Set the whole listing down again, word for word, with no pictures.

Information supplied:
*** Begin section ***

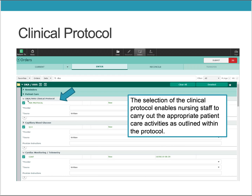The order set has an automatic pre-checked link to the Clinical Protocol for DKA and HHS. This selection of the Clinical Protocol enables the nursing staff to carry out the appropriate patient care activities as outlined within the protocol.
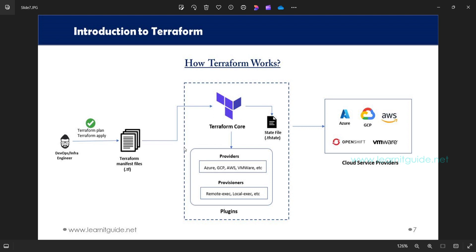In your manifest file you will mention your providers — whether it is Azure, GCP, AWS, VMware — the target provider must be specified. We also have provisioners, modules, and resources that we will cover later. Once Terraform apply is executed, you will see a state file called the Terraform state file with the extension .tfstate. This is the main file created for tracking the desired state — it holds the entire current configuration state of your infrastructure. This is how Terraform works.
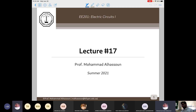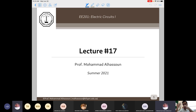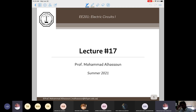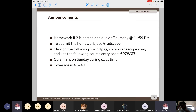Welcome to 8201. Today's lecture will be the 17th, and we're going to discuss more advanced topics on chapter 7. In particular, we'll study what happens if you disconnect a circuit from its source when that circuit has a resistor and an inductor, or a resistor and a capacitor. Homework 2 is posted and due Thursday at 11:59. Quiz 3 will be on Sunday covering 4.5 to 4.11.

*** End section ***

Solved exercise:
The order set has an automatic pre-checked link to the Clinical Protocol for DKA and HHS. This selection of the Clinical Protocol enables the nursing staff to carry out the appropriate patient care activities as outlined within the protocol.
In your manifest file you will mention your providers — whether it is Azure, GCP, AWS, VMware — the target provider must be specified. We also have provisioners, modules, and resources that we will cover later. Once Terraform apply is executed, you will see a state file called the Terraform state file with the extension .tfstate. This is the main file created for tracking the desired state — it holds the entire current configuration state of your infrastructure. This is how Terraform works.
Welcome to 8201. Today's lecture will be the 17th, and we're going to discuss more advanced topics on chapter 7. In particular, we'll study what happens if you disconnect a circuit from its source when that circuit has a resistor and an inductor, or a resistor and a capacitor. Homework 2 is posted and due Thursday at 11:59. Quiz 3 will be on Sunday covering 4.5 to 4.11.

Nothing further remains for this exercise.